Reputation: 3845
Hey i got a mongodb setup with 3 shards each with 3 replica running on 3 physical servers.The sharding is based on a category id on range so that data is even within the shards
The data i get each week onto the database is huge and i am only querying mostly data for the current or 2 previous days.
So i was trying to configure a shard with no replica to the current setup so that the new shard will contain old data of before 5 days and the old ones the 3 shards in the current setup will have the last 5 days data only.
If this is possible most of the queries will hit the not so big 3 shards and only rare queries hit the replica server for back and there would be some advance in TPS.
Is this anyways possible to configure in mongodb with sharding or replication??
Thanks in Advance
Upvotes: 0
Views: 248
Reputation: 42342
While it might be tempting to use tag aware sharding for this, it's actually not simple, nor is it very efficient. Here is why:
1) your range of keys which should exist on the "old" shard is changing every day. If your cut-off is five days ago, at midnight you will need to update the tags to reflect that it's a new day.

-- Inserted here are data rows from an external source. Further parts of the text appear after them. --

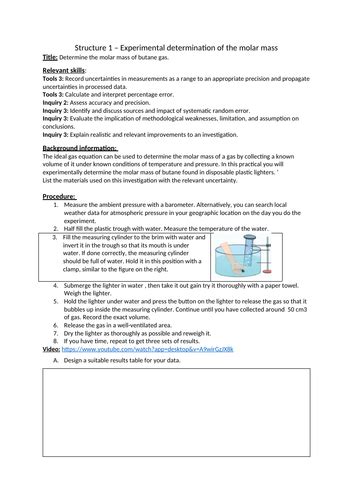 Lab experiment - Experimental determination of the molar mass | Teaching Resources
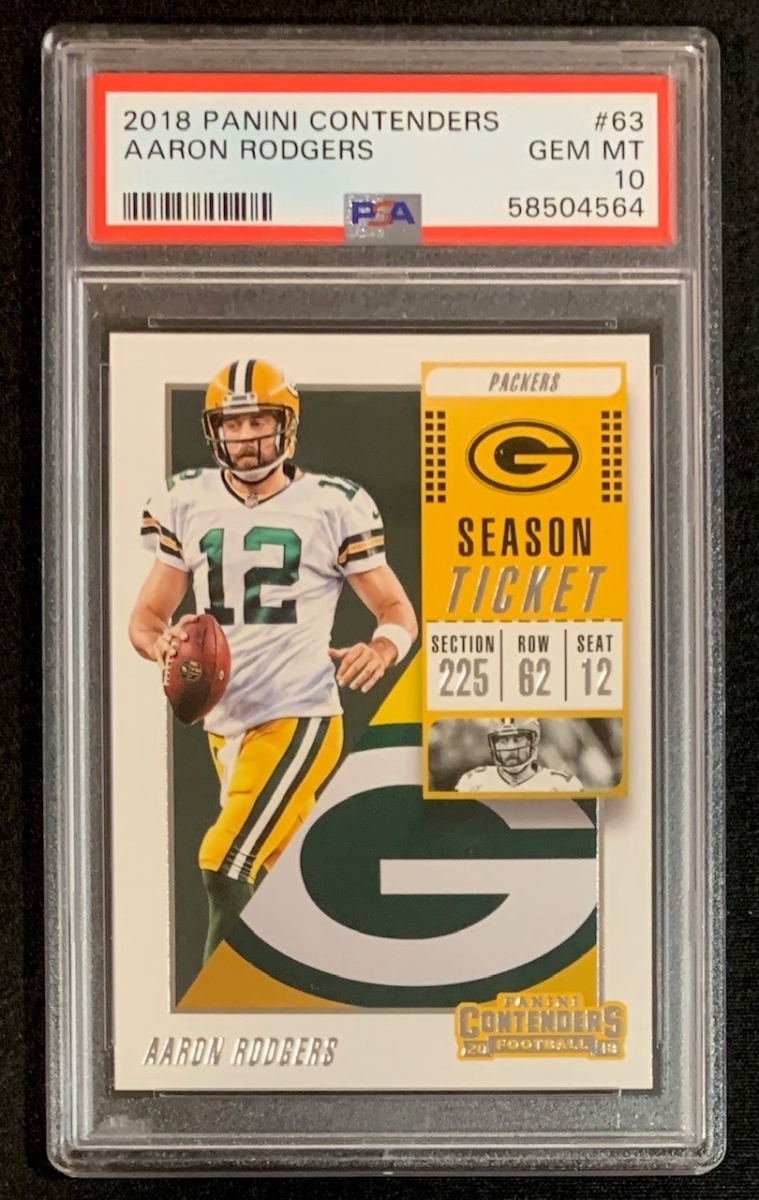 Picture of Powers Sports Memorabilia 114185248 Aaron Rodgers 2018 Panini Contenders Football Card - No.63 Graded PSA 10
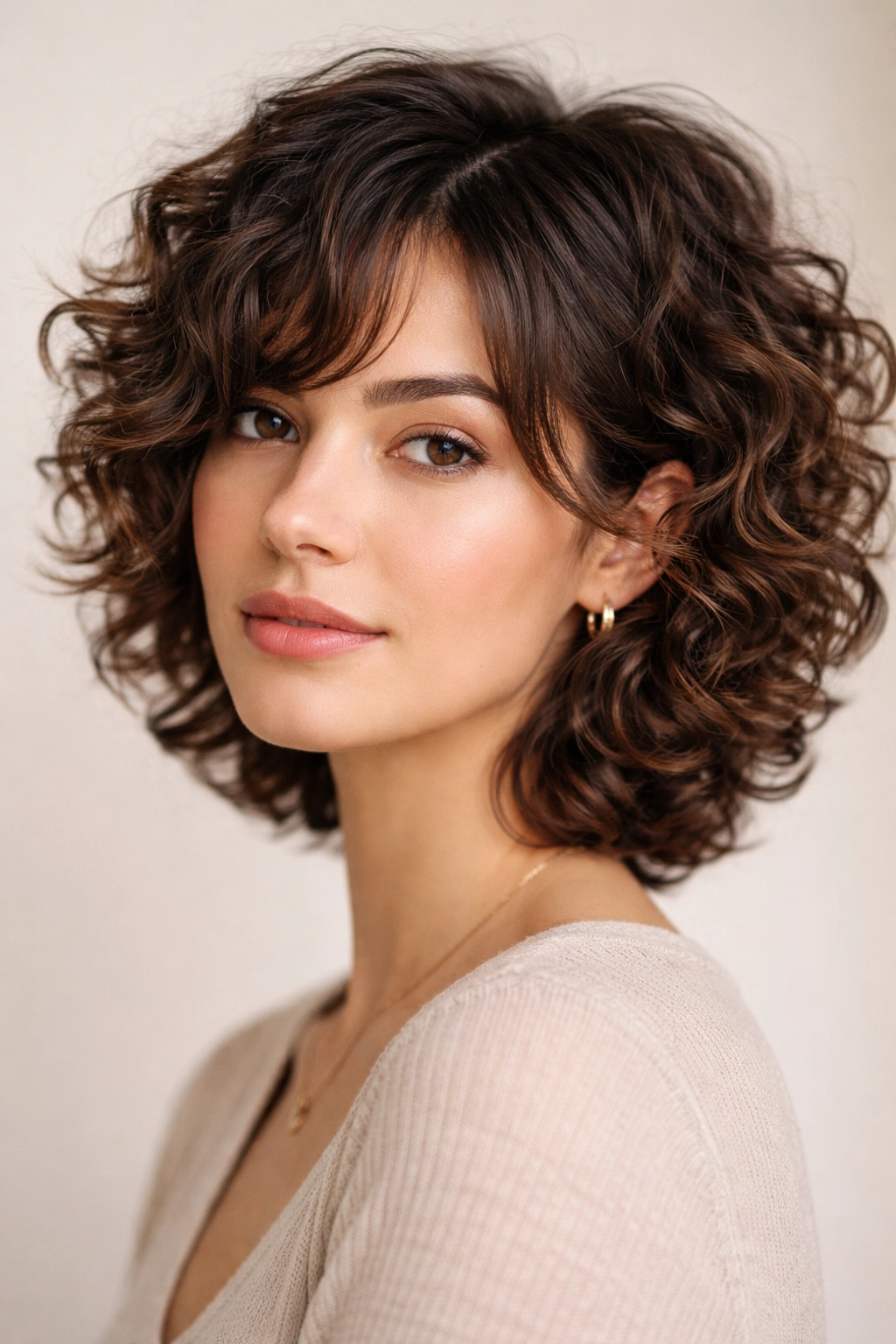 10 Curly Layered Short Cuts With Tons Of Bounce 4 Face-framing tapered cut with inward-angled layers around the face
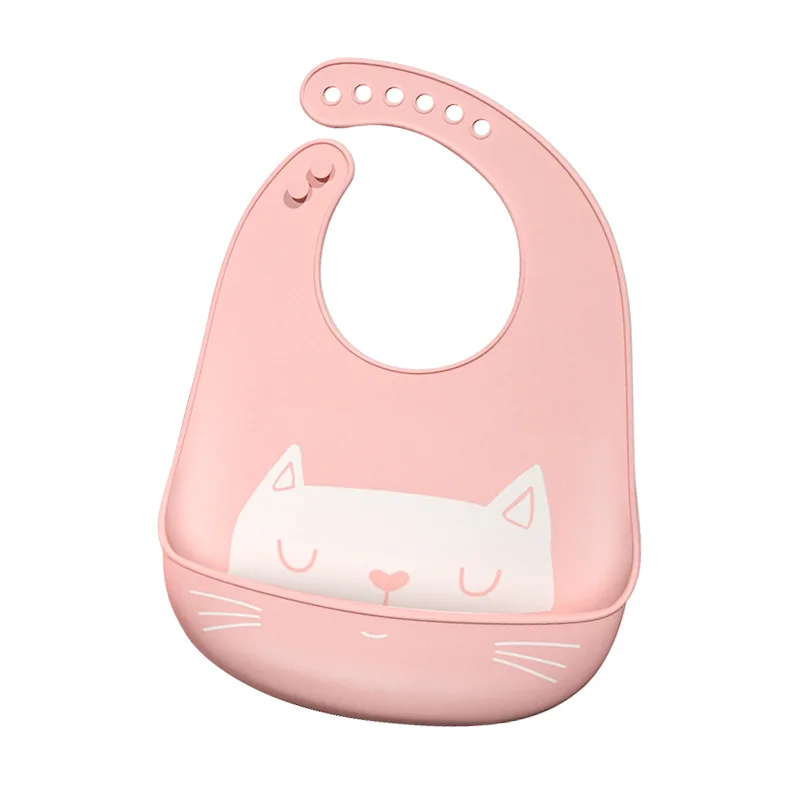 cat pink Детские нагрудники, Регулируемый Детский шарф для кормления, бандана, мультяшная ткань, мягкие силиконовые нагрудники, водонепроницаемый детский нагрудник, детский нагрудник с карманами T2264 - Цвет: cat pink
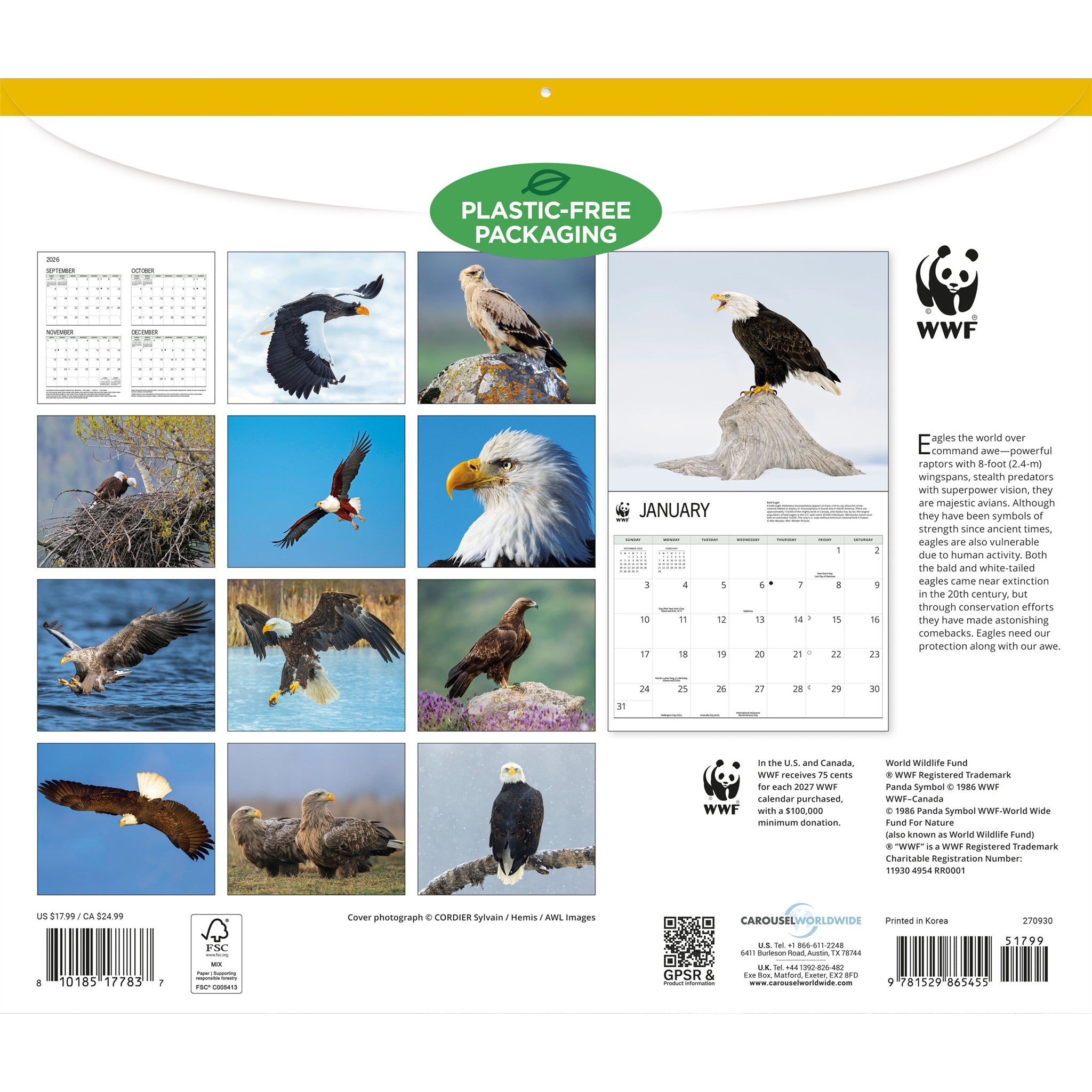 Calendrier mural 2027 Aigles - WWF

2) as soon as you add the day that was five days ago to the range that should be on the "old" shard the balancer process will need to migrate that data to the old shard. The problem is that this shard will have loads of old data so probably really huge indexes so it'll be much slower to write to it, and reading and removing data from day-5 from your "active" shard(s) may be interfering with the queries on "current" data.
So, maybe it's not such a great option - although it is a valid option to consider.
I would suggest considering something else - maybe insert the data into this cluster and also into another "archival" replica set and then use TTL (time to live) index to "expire" data after it gets to be older than, say, a week. Just something to consider if you don't actually need to query on older data very often.
Another option is leave things the way they are. If your data is well balanced, it means you are already handling more TPS than you would if you were querying against "old" data - remember, only data actually being used is loaded into physical RAM - if you aren't reading some old data, then it'll just quietly sit there on disk. Just make sure that all your queries are using indexes efficiently - a collection scan can negate what I described in an instant!
Upvotes: 1